Na sequência da operação militar inesperada da Delta Force norte-americana, que resultou na captura do presidente da República Bolivariana da Venezuela, Nicolás Maduro, o governo colombiano adotou medidas que incluem a militarização da fronteira comum.

Entre essas medidas está um grande desdobramento de forças. Angie Rodríguez, diretora do Departamento Administrativo da Presidência da República, afirmou oficialmente que: “O Governo nacional determinou o envio de 30 000 militares para a fronteira com a Venezuela, dando prioridade às zonas fronteiriças mais sensíveis, num esquema de resposta integral e articulada entre todas as entidades do Estado colombiano”.

O ministro da Defesa, Pedro Sánchez, explicou que o objetivo é travar a eventual entrada no país de elementos terroristas e criminosos, com destaque para o Tren de Aragua, a Segunda Marquetalia e o ELN. Acrescentou que serão mobilizadas capacidades fluviais, terrestres e aéreas, sublinhando que: “Quanto à militarização, ela responde às ameaças persistentes contra o Estado colombiano, que decorrem do crime organizado transnacional. A ameaça para a Colômbia não são as nações, mas o crime transnacional que tenta levar esse veneno (da droga) aos países consumidores e desestabilizar a região”.

Num dispositivo desta natureza, o terreno pesa tanto quanto os efetivos.

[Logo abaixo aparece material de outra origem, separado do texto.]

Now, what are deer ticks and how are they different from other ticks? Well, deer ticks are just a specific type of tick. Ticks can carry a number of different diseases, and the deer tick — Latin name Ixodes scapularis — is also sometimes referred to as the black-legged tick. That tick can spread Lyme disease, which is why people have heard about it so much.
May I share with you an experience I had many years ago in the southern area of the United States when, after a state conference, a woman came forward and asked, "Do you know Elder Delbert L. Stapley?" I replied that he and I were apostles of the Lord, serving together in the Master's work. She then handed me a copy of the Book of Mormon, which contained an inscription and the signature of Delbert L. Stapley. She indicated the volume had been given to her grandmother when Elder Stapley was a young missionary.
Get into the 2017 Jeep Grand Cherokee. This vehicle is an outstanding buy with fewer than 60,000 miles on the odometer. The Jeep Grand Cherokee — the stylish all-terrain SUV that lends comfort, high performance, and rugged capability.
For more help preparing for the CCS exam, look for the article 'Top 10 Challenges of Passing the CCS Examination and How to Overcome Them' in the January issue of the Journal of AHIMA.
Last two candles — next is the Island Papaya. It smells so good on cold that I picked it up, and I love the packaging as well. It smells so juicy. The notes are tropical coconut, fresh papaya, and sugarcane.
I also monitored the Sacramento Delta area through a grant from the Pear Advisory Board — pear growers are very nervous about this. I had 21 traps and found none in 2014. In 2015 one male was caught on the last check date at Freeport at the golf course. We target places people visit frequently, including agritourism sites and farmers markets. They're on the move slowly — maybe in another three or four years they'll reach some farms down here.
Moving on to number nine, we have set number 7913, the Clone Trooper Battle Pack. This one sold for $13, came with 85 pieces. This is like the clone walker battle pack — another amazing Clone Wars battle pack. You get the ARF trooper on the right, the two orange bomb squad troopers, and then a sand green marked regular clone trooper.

A extensão da fronteira, a presença de rios, zonas desérticas, áreas montanhosas e selva obrigam a uma combinação de forças muito diferente de setor para setor. Por isso, qualquer avaliação séria do desdobramento precisa de considerar não só o número de militares, mas também a mobilidade, o apoio logístico e a capacidade real de vigilância em cada faixa do território.

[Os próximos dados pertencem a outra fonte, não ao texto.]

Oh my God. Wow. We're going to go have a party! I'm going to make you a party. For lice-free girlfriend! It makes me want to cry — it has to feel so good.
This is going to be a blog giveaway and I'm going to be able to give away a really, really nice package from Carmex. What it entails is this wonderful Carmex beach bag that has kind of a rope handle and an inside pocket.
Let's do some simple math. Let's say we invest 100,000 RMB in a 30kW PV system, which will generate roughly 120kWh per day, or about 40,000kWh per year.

As quatro zonas críticas da fronteira Colômbia–Venezuela

Para analisar a fronteira entre a Colômbia e a Venezuela, bem como as suas diferenças e possíveis desdobramentos, importa ter em conta que, ao longo de um limite terrestre de 2 219 quilómetros, existem fatores diferenciados que criam áreas geográficas de natureza muito distinta, com acidentes físicos que exigem a integração de diferentes forças e apoios em cada região. Na fronteira podem distinguir-se quatro zonas: a Norte, a Central ou Andina, os llanos de Arauca e a bacia da Orinoquia.

Zona Norte: La Guajira, Cesar e Zulia

A primeira é a zona norte, que abrange os departamentos de La Guajira e Cesar, do lado colombiano, e o estado de Zulia, na Venezuela. Trata-se de uma área desértica e plana, limitada a sul pela serrania do Perijá, um acidente geográfico muito relevante e de acesso difícil.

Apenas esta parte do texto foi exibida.